Thank you Oliver,
I deleted everything from /var/lib/pgsql/data (that is where my data files are
kept by default) and then su postgres, export PGDATA=/var/lib/pgsql/data
and then I ran initdb, restarted postgres, exit from postgres, changed to a
normal user and created and populated my new database. The sort-order works fine.
Do you by the way know about any gui-client for X (preferably KDE) except
pgAccess which doesn't show our special-characters correct.
Oliver Elphick wrote:
> On Fri, 2002-03-01 at 10:10, Bertil Wergelius wrote:
>
>>I have worked with a lot of different DBMSs.

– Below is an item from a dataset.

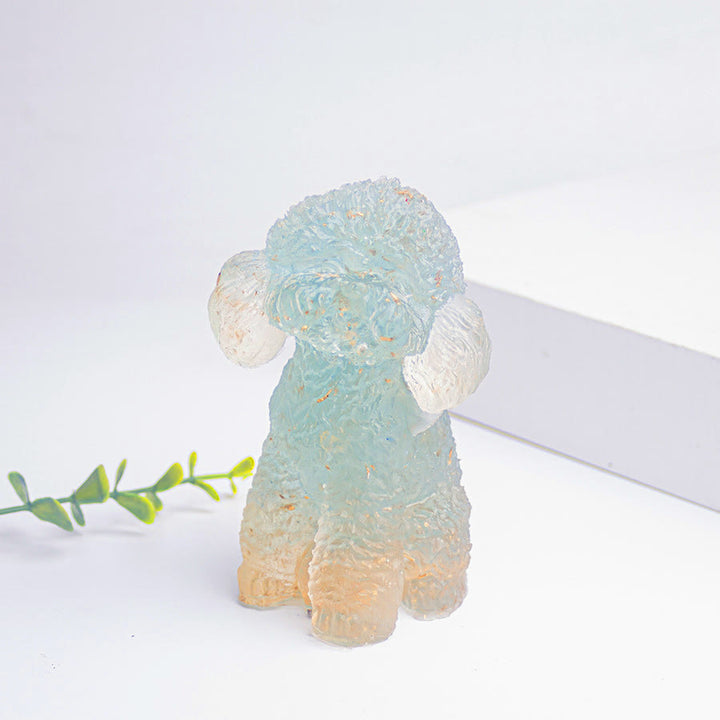 Decorazione in pietra preziosa naturale Olivenorma Crystal Poodle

Ranging from MSSQL over Sybase
>>SQL-anywhere to Interbase and most recently MySQL. With only the last mentioned
>>has there been no problem that my language is Swedish and that I therefore want
>>to use our own language's characters in correct sort order. MySQL gives a very
>>pleasant experience when it comes to character sets, collation orders and all
>>the rest; you don't have to care about it at all. That is perhaps because it is
>>a swedish product (of Sweden and Finland).
>>When I now start trying postgresql all the troubles with character sets come
>>back. I've changed LANG to sv_SE and LC_COLLATE too, (in sysconfig/i18n and
>>restarted) created the database with encoding LATIN1, but nothing helps.
>>I can sort an ordinary textfile with cat textfile | sort. That sorts correctly
>>so the collation must be correct, then why can't postgresql sort it correctly?
>>
>
> The locale must be set at the time you do initdb. This is because
> indexes will be corrupted if the locale changes after they have had
> items added.
>
> In contrib, there is a utility pg_controldata which will show you what
> locale the database is using. If it the wrong one, you must dump your
> database, destroy it and do initdb again under the correct locale.